APT28 Exploits Microsoft Office Vulnerability
The Russia-linked state-sponsored threat actor, APT28 (also known as UAC-0001), has been identified exploiting a newly disclosed security flaw in Microsoft Office. This campaign, codenamed Operation Neusploit, began weaponizing the vulnerability on January 29, 2026, three days after its public disclosure by Microsoft.
This campaign, codenamed Operation Neusploit, began weaponizing the vulnerability on January 29, 2026, three days after its public disclosure by Microsoft.
The Vulnerability: CVE-2026-21509
The exploited vulnerability is CVE-2026-21509, a security feature bypass in Microsoft Office with a CVSS score of 7.8. This flaw allows an unauthorized attacker to send a specially crafted Office file and trigger its exploitation. Its discovery and reporting are credited to Microsoft Threat Intelligence Center (MSTIC), Microsoft Security Response Center (MSRC), Office Product Group Security Team, and Google Threat Intelligence Group (GTIG).

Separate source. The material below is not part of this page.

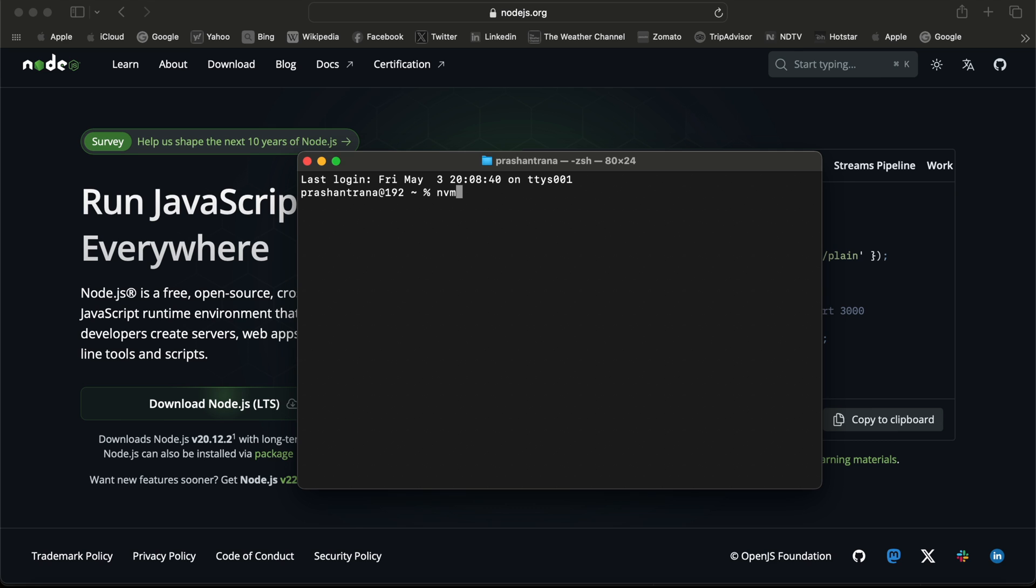It's a different thing from npm. npm is basically a package manager used for managing JavaScript packages, but nvm is a version manager. I'm just going to write the command nvm space hyphen v, and I can see command not found because I haven't installed nvm on my macOS.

Campaign Targets and Evasion
Initial attacks targeted users in Ukraine, Slovakia, and Romania. Subsequent reports from Trellix indicated broader targeting of European military and government entities, specifically maritime and transport organizations, across Poland, Slovenia, Turkey, Greece, the U.A.E., and Ukraine.
Evasion Techniques
- Social engineering lures were crafted in English and localized languages (Romanian, Slovak, Ukrainian).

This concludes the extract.